Bueno, amaneció, tomamos café negro bien fuerte, nos despedimos y Ligia y yo nos fuimos a casa.
Después de esa conversación maratónica nos vimos varias veces, pero más de lejitos.  Pasaron muchos años, como quince, cuando asistí a un homenaje que le hacían en el Teresa Carreño.  Felipe Izcaray dirigió varias obras suyas, pero recuerdo sobre todo  el Himno de los Juegos Panamericanos, que tuvieron lugar durante el gobierno de Luis Herrera, y la premiada Marcha de la Radio Nacional, que no sé si la siguen tocando, porque hace trece años que no oigo esa emisora.  Me encuentro con Jesús Márquez, quien  me pregunta al rompe si alguna vez vi un documental que Rodolfo Izaguirre, entonces Director de la Cinemateca Nacional, presentó en el Programa de TVN5 Cinemateca del Aire sobre la vida de Leonard Bernstein y si me fijé en una foto que Bernstein mostraba de cuando él estudiaba con Koussevitzky...No lo dejé terminar.  ¡Sólo Chucho podía haberse fijado en ese detalle que yo pesqué por casualidad, porque dura sólo unos segundos!  En esa foto, la persona a quien Bernstein le pasa el brazo derecho por la espalda no es otra que Antonio Estévez.  Un hecho que puede parecer irrelevante, pero que a un estudioso de la historia de la música venezolana no le puede pasar desapercibido.  En el intermedio salimos corriendo a buscar a Antonio y se lo comentamos. Él no sabía nada de la aparición de la foto en el programa de Izaguirre.

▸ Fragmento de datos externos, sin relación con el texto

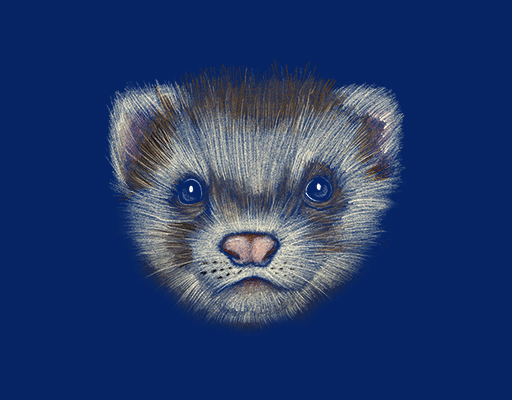 卡通小熊头像手绘小熊头像小碗熊图案可爱卡通动物T恤印花图案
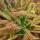 Rosaire - Drosera capensis - Pot de 9cm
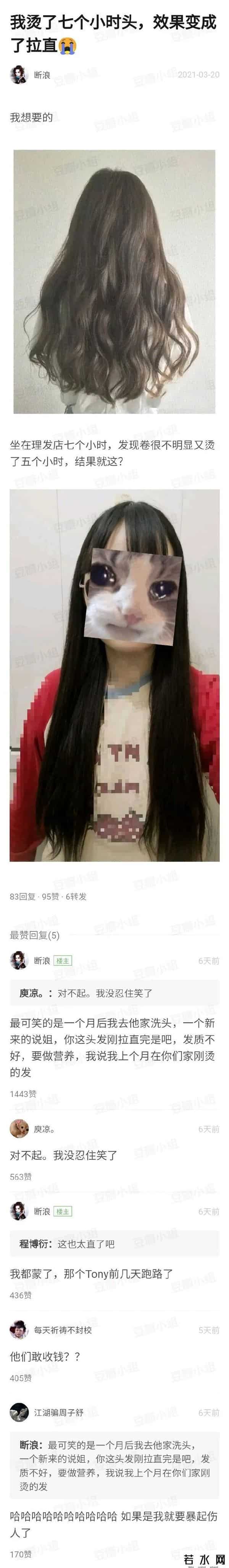 猫扑图片,网友烫头失败大赏,看完差点笑岔气了哈哈哈哈哈哈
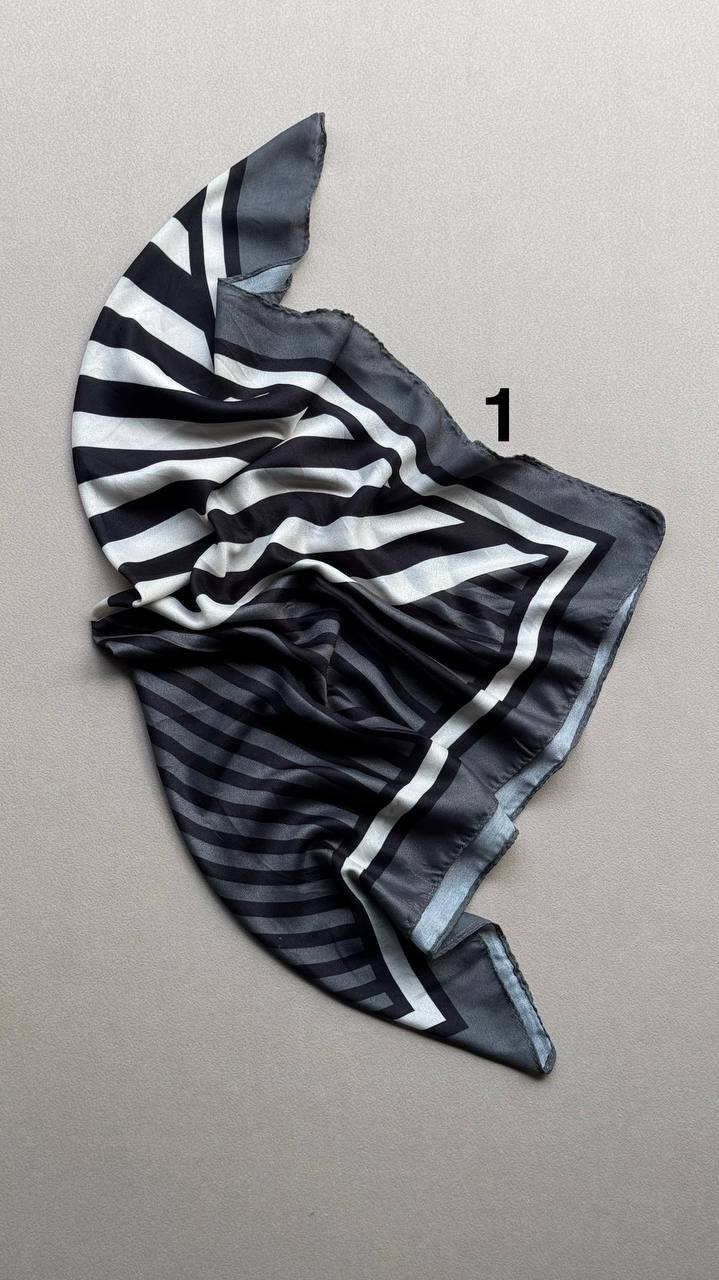 photo_12_2025-01-30_05-49-16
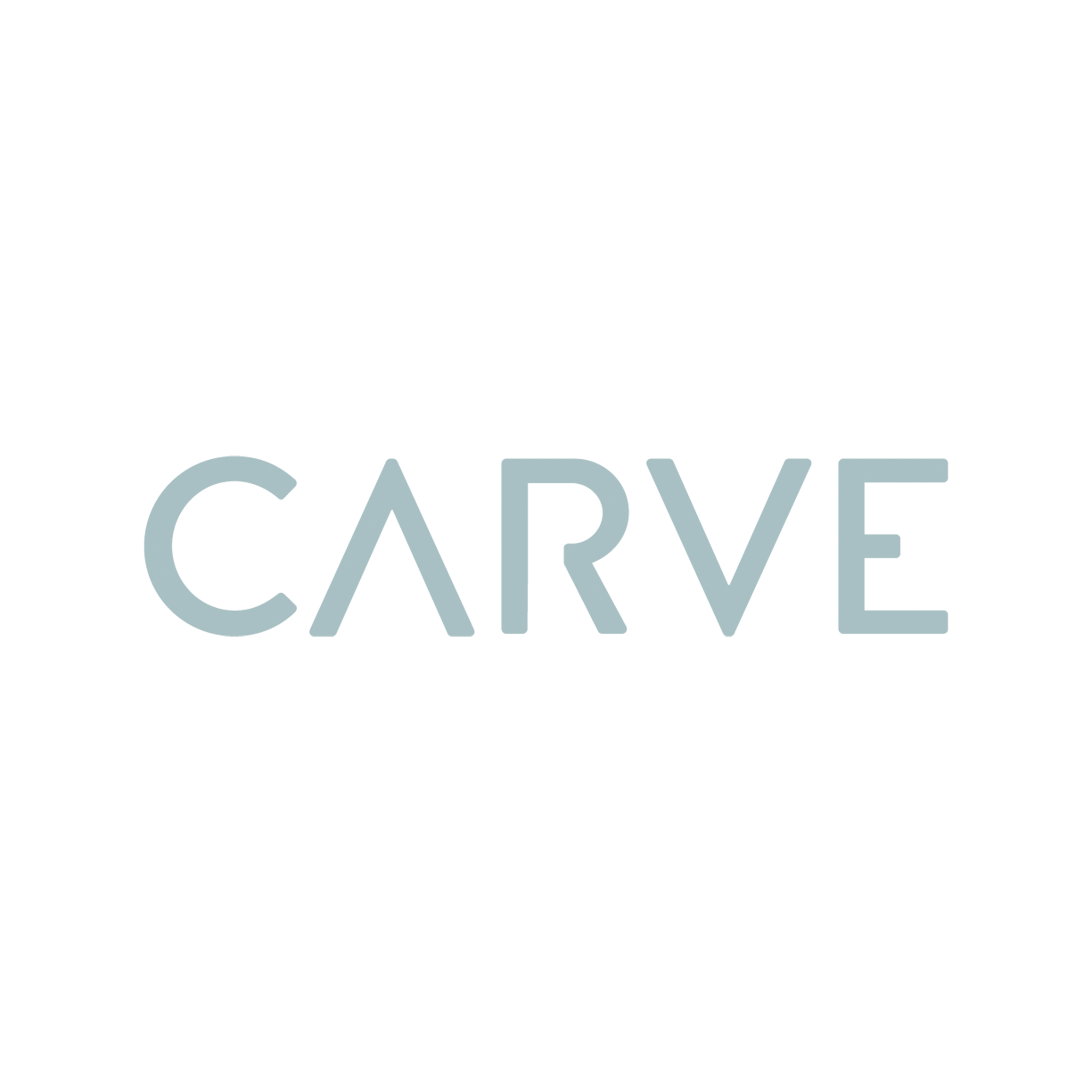 PalindromeStudio_BrandingExamples_Carve.png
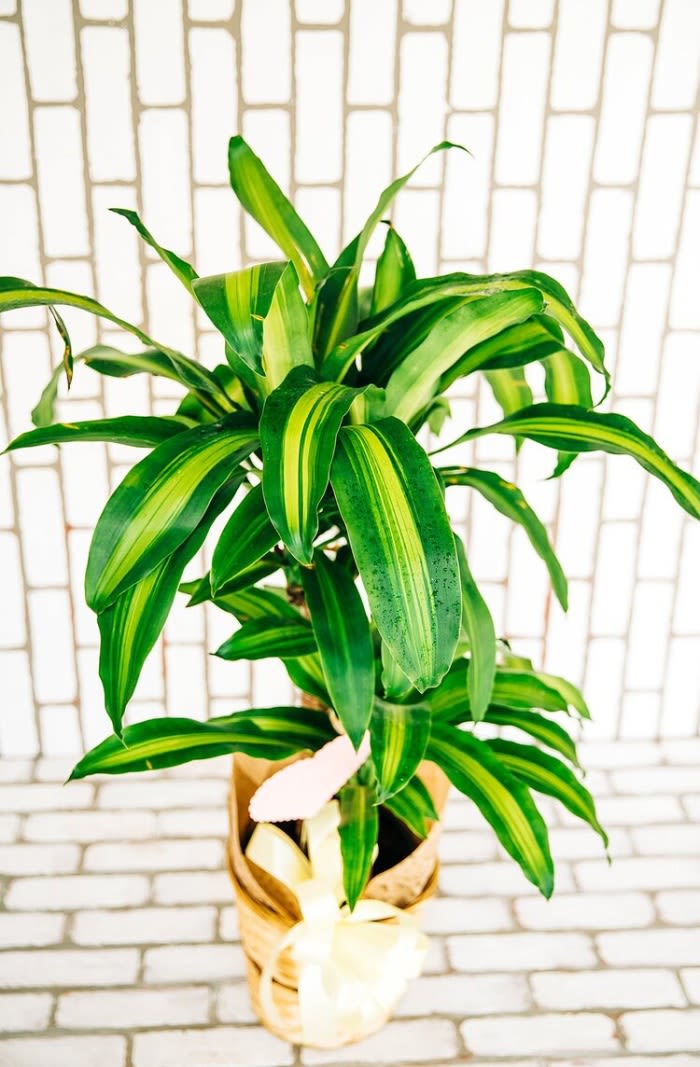 Potted green plant with striped leaves in a wrapped container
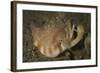 Close-Up View of a Vomer Conch with Eye Stalks and Mouth Extended-Stocktrek Images-Framed Photographic Print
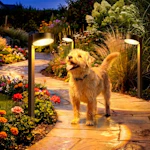 Solar Pathway Lights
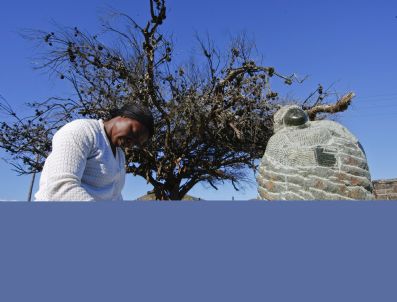 South Afrıca Fıfa 2010 World Cup Arts Feature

El 26 de noviembre de 1988 debo viajar urgentemente a Maracaibo.  Mi primo Julián, el hijo mayor de Ligia, ha fallecido el día anterior después de luchar valientemente por diez años contra un mieloma múltiple.  Mientras estamos acompañándola, alguien me hace llegar un ejemplar de El Nacional.  En primera página del cuerpo A, está la foto de Antonio. Falleció en la madrugada de ese día, lo que le dio tiempo al periódico para sacar una nota que, como sabemos, está prefabricada en las redacciones de todos los diarios. Veo a Ligia con toda la pesadumbre del dolor de la pérdida de su primogénito y no me atrevo a decirle lo de la muerte de Antonio Estévez. Más tarde se lo hice saber y la noticia la sorprendió y la afectó. Más tarde aún, quiero decir meses o años más tarde, pudimos volver a recordar aquella prolongada conversación que tuvimos con el Maestro, y reírnos a carcajadas de sus ocurrencias y desplantes, como aquella anécdota contada por un músico de la Sinfónica de la vez en que, después de interpretar el Preludio al Primer Acto de Lohengrin, de Wagner, Estévez, contrariado por una desafinación en las cuerdas, al cerrar el pianissimo, inclinado hacia adelante, de espaldas al público, pero de frente a los músicos y en voz bajísima les dijo:

-  "¡Le cae el coño de su madre a todos los primeros violines!"